Lime or gypsum may be applied simultaneously with fertilizer (Tactics TR-3 and TR-8).

Liquid calcium nitrate can be applied to small sites using weed sprayers or watering cans, or to larger sites using a hydroseeder or similar piece of equipment. The distribution method is similar to that for powder or granular amendments. A given amount of product is sprayed methodically over a given area to achieve even distribution at the correct application rate. Calibrate the sprayer before use.

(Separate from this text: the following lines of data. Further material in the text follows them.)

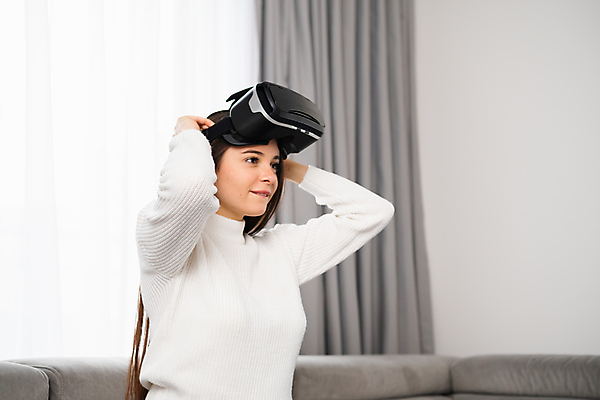 포토 JPG 해외이미지 직업 여자 안경 거실 놀이 미래 고글 주택 한명 웃음 내부 소파 3D 우주 디지털 헤드폰 기쁨 게임 체험 사이버 흥분 하이테크 비전 동영상 혁명 게이머 비디오게임 착용 웨어러블 가상 가상현실 현실 해외202309 해외포토 1 잡화 감정 음향기기 컨셉 의자 기술 표정 사람 건물 디지털합성 파일형식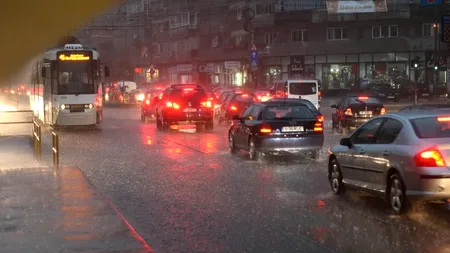 Furtună puternică în București și Ilfov. Vremea s-a dezlănțuit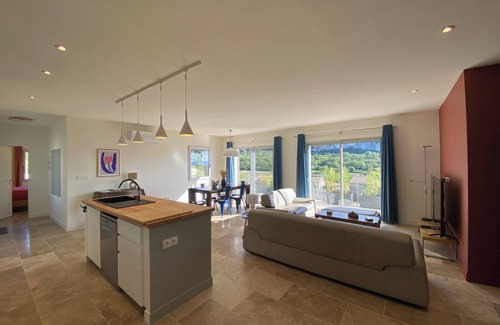 Lioux Casa | Les Terrasses de Lioux - In the heart of the Luberon - New house****-Calm and comfort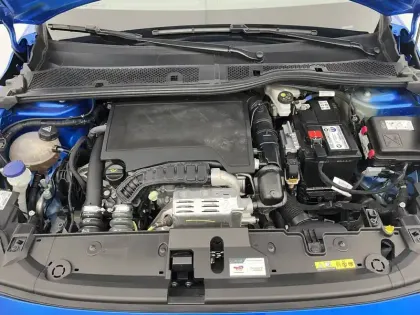 Photo 20 Peugeot 208  PureTech 100 S&S BVM6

Considerations and Limitations

  • To determine the types and amounts of amendments needed, soil samples typically are sent to a soils laboratory that routinely conducts analyses for agricultural purposes, such as the University of Alaska Fairbanks Agricultural and Forestry Experiment Station in Palmer, AK. Some analytical laboratories, where soils are analyzed for contaminants, may also be equipped to calculate the need for soil amendments.
  • Extremely alkaline tundra soils are not readily correctable with amendments.

Equipment, Materials, and Personnel

  • Necessary quantity of appropriate soil amendment.
  • Cyclone spreader (1 operator) – to broadcast powdered soil amendments.
  • Vehicle approved for tundra travel (1 operator) – to pull a cyclone spreader over larger sites (optional).
  • Weed sprayer or watering can (1 operator) – to spray liquid soil amendments on small sites.
  • Hydroseeder or similar equipment (2 operators) – to spray liquid soil amendments on larger sites.
  • Personal protection equipment (PPE) - to keep workers safe (e.g., rubber gloves, dust respirator).